■ Source material ■
○ ○ ○
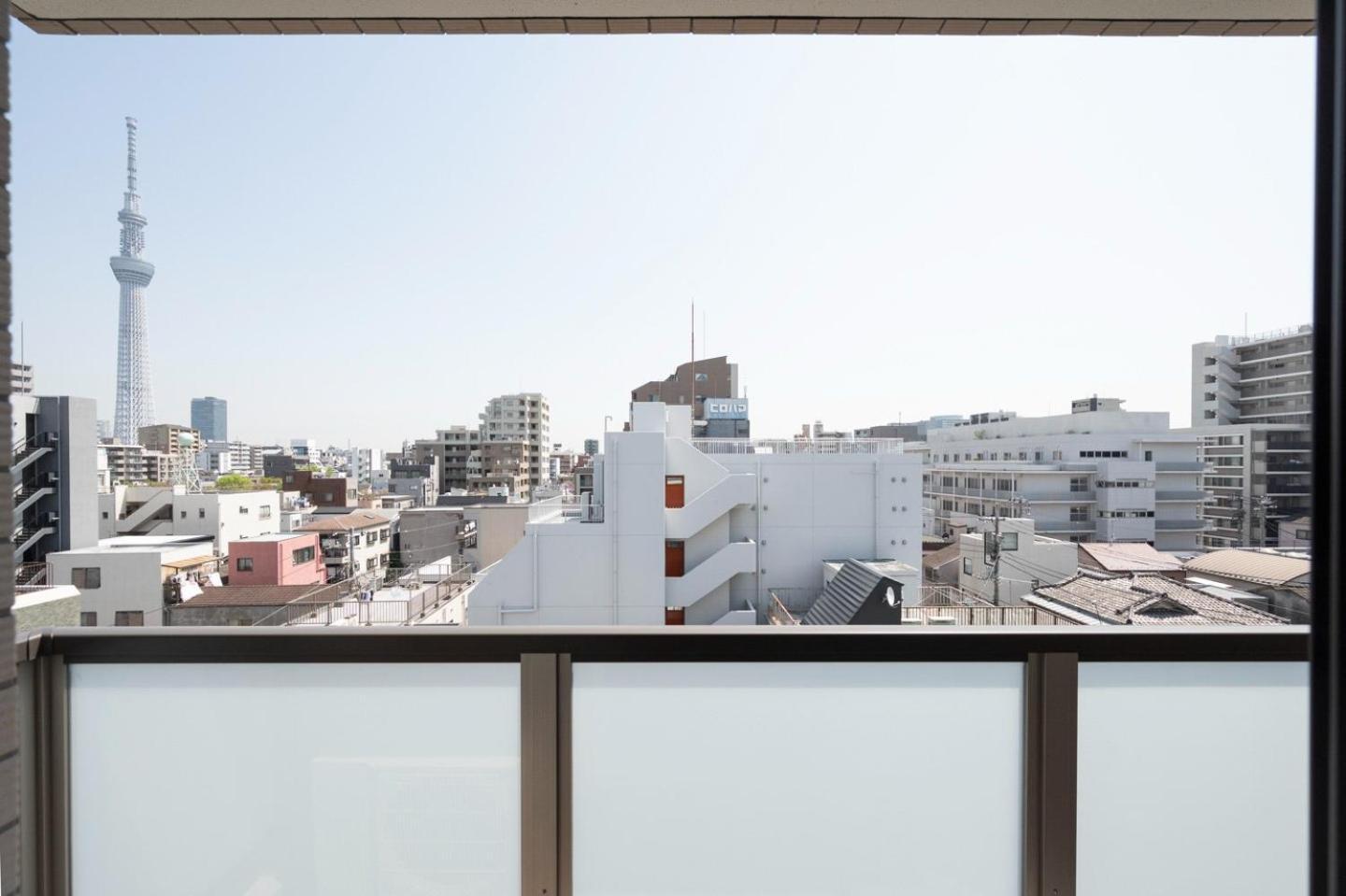 Livecasa Ryogoku I Apartment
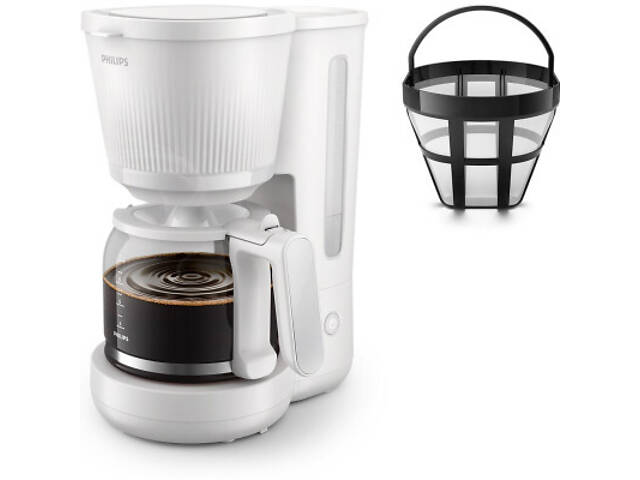 Крапельна кавоварка Philips HD7411/00 - Фото 2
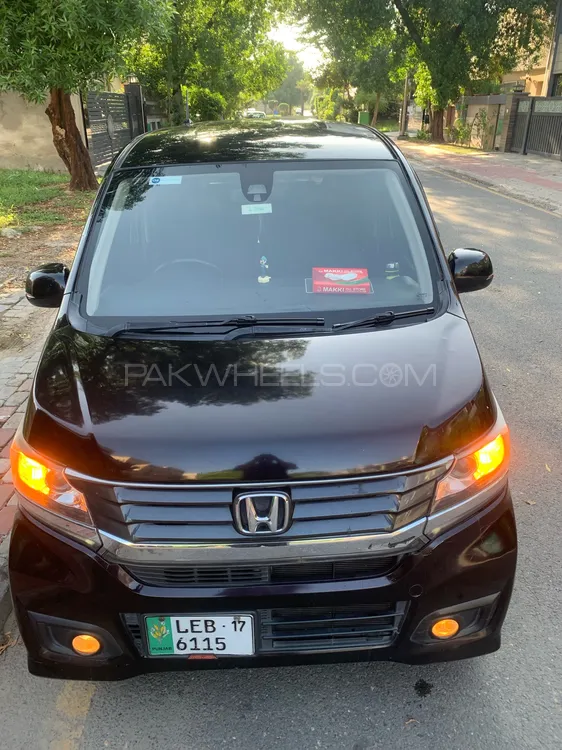 Honda N Wgn 2013 for Sale in Lahore Image-1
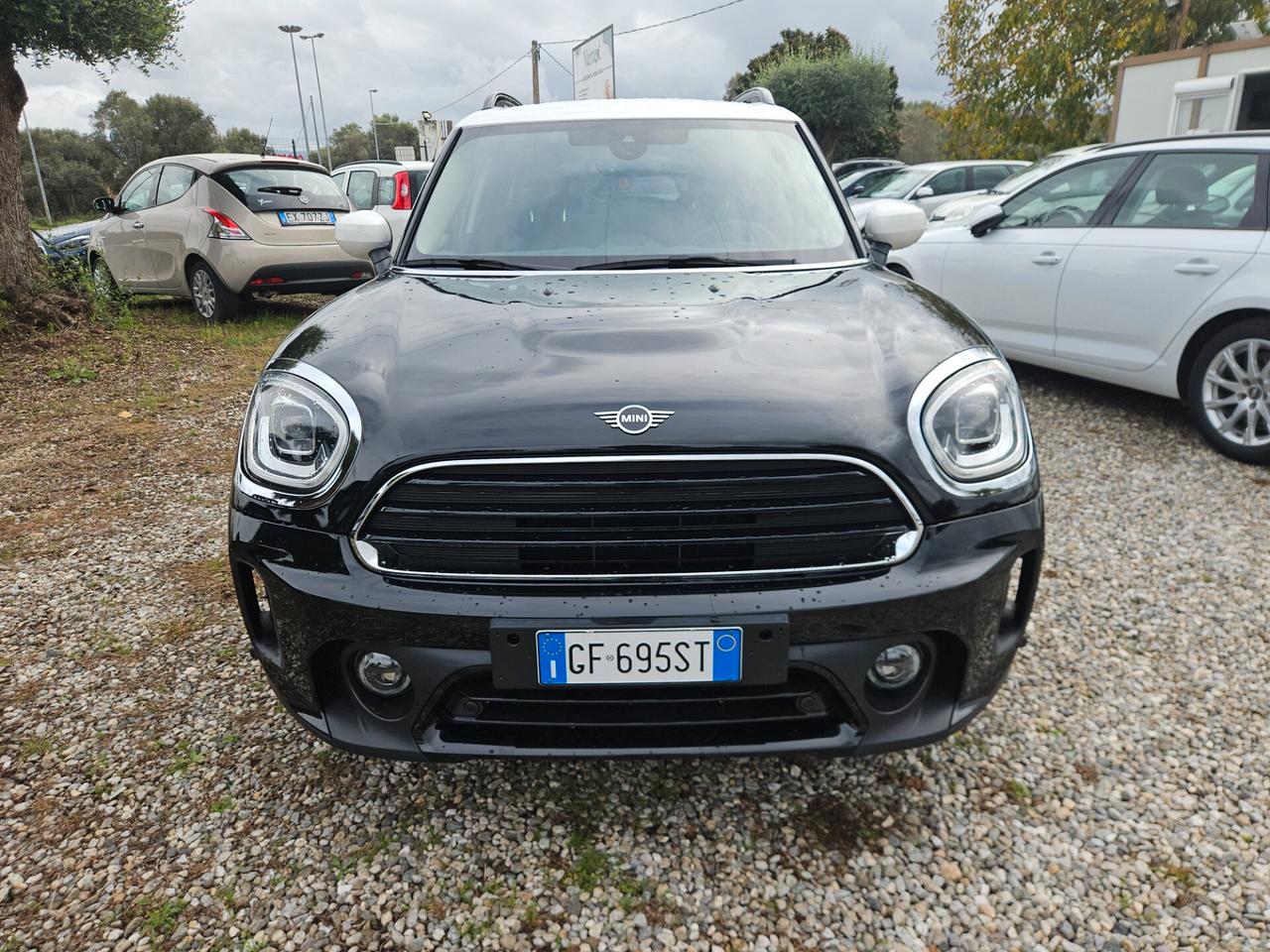 Mini Cooper D Countryman 2.0 Business ALL4 Automatica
○ ○ ○
■ The problem ■
Return each line of the material exactly as written; exclude the pictures.

■ Worked solution ■
 Livecasa Ryogoku I Apartment
 Крапельна кавоварка Philips HD7411/00 - Фото 2
 Honda N Wgn 2013 for Sale in Lahore Image-1
 Mini Cooper D Countryman 2.0 Business ALL4 Automatica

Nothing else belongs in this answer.